When I first heard that Tynesoft had released a new game for the BBC, memories of Vindaloo came flooding back. They describe Phantom as one of "the new breed of arcade games..." Looks like a version of Gauntlet, but I was wrong.
The cassette inlay depicts two players blasting a rather unpleasant looking, multi-limbed astral misfit.
The scenario is set inthe present with the player assuming the role of a professor of astro physics with more than a passing interest in psychic phenomenon.
The game presents a start screen very reminiscent of Future Shock and just as beautifully designed. Score, reactor level, heart rate in beats per minute and electro-cardiograph (ECG) displays are in a window at the bottom of the screen.
Press S to start and after a long drawl of nerve-shatteringly corny music we enter Ye Olde Inn viewed from above. To begin with, it all seems quiet and peaceful, but then we discover that the deceased customers are not too keen on strangers and as soon as you pop your head round the door they start descending like rampant bluebottles.
No problem, just whip out your new ion cannon and start blasting. Zap, the spooks start vanishing in little clouds of ectoplasm. Neat little gadget this, since the beam can knock out several of the little beggars in one shot.
There is a snag though, because if you like to shoot-'em up then you'd better think again. The backpack only has a limited amount of power andonce that's gone you'll have to wait until you find another isotope pack.
In Phantom, as in life you only get one chance. Each eye-to-eye contact with ghouls increases your heart rate. Being past his prime 100bpm is a little too much for the professors old ticker.
To make matters worse your heart rate doesn't settle down from one level to the next. While this is most inconvenient it does add to the fun, and doesn't let you relax for a minute.
The graphics are very good, the characters clear and the four colours of the Mode 5 display provide an excellent effect. Soundwise the game is reasonable, but not exciting.

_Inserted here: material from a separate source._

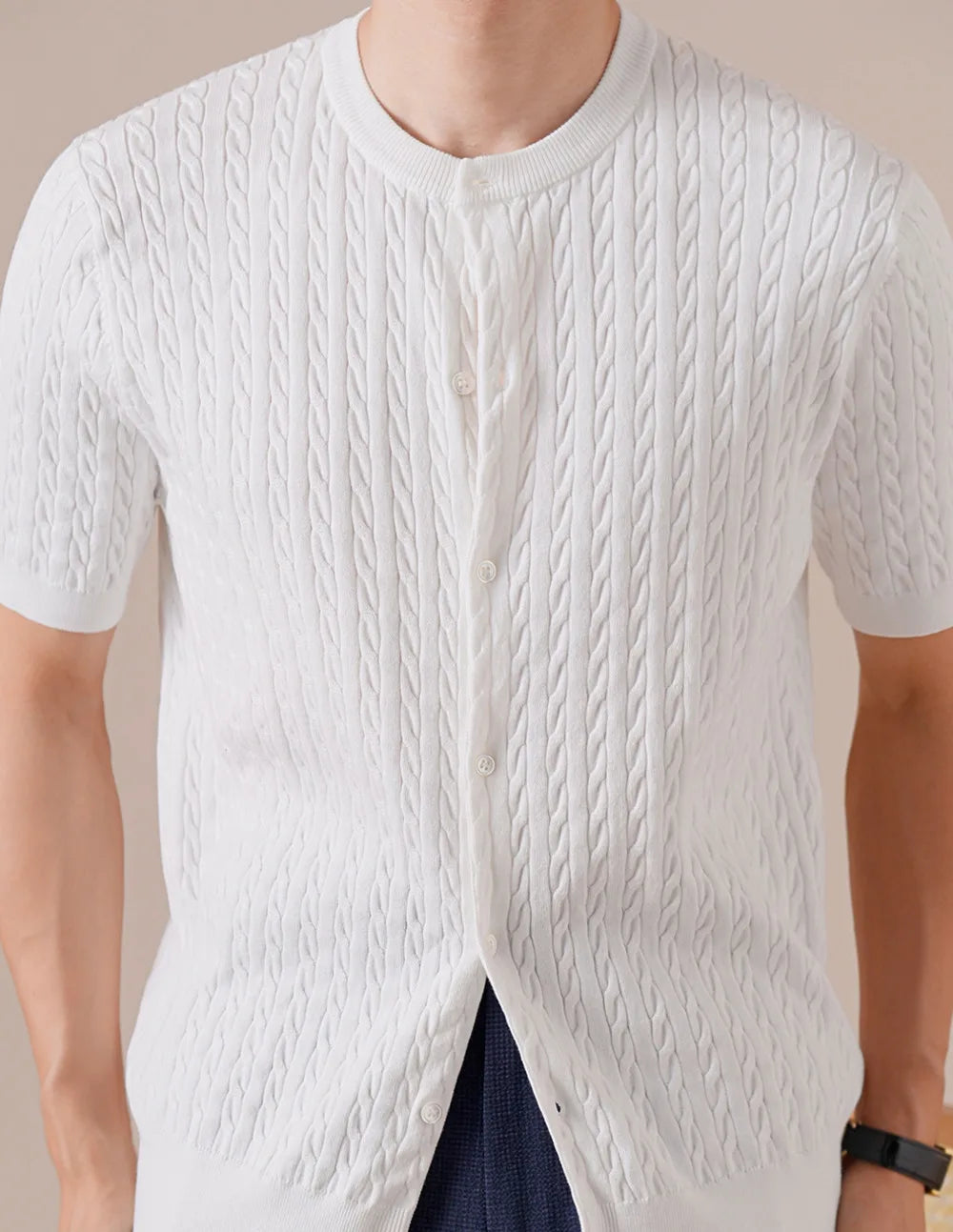 HEARUJOY  -  Summer Tencel Cotton Jacquard Knit Cardigan Men's Short Sleeve Thin Round Neck Draped Casual Business T-Shirt Breathable Polo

There are only really two faults that I could find with Phantom. Firstly the spooks can hit you without you being able to shoot them, though this is not as bad as it sounds. And secondly the game is a bit slow to restart, which is annoying in such an addictive game.
When it comes to the final conflict and you've got rumbles in your attic or creepies in the cellar then - Who yer gonna call? - Tynesoft.